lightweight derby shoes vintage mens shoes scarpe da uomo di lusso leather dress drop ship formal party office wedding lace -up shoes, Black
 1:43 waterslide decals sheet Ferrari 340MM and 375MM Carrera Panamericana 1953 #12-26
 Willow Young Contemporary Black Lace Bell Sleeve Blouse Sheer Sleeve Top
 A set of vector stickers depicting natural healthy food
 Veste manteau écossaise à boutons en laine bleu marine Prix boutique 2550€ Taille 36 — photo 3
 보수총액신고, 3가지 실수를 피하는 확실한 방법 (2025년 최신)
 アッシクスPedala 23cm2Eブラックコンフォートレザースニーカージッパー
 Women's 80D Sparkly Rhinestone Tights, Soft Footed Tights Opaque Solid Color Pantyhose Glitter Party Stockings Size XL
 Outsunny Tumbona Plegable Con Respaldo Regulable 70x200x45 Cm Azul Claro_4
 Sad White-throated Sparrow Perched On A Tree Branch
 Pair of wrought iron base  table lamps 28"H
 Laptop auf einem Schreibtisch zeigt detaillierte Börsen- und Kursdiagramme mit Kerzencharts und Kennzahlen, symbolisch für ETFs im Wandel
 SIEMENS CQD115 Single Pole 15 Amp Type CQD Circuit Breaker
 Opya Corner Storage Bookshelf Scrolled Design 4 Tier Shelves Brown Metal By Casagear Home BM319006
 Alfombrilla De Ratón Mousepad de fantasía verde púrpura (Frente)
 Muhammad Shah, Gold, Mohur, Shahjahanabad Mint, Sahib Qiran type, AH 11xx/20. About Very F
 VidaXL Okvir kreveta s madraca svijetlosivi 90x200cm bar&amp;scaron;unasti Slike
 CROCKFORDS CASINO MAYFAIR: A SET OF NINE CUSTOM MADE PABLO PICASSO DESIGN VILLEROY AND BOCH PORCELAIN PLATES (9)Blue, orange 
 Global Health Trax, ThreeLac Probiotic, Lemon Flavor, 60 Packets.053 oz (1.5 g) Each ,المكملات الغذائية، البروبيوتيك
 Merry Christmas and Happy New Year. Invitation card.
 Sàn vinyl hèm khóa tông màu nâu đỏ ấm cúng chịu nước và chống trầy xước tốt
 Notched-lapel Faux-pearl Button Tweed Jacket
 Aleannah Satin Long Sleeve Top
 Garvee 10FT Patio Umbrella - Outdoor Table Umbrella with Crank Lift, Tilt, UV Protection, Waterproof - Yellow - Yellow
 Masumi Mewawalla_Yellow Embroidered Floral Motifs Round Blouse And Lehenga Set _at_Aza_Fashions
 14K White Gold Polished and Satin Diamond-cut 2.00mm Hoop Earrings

Exercise brief:
Please return each line of the data above in which the word "Satin" occurs.

Completed task:
 Aleannah Satin Long Sleeve Top
 14K White Gold Polished and Satin Diamond-cut 2.00mm Hoop Earrings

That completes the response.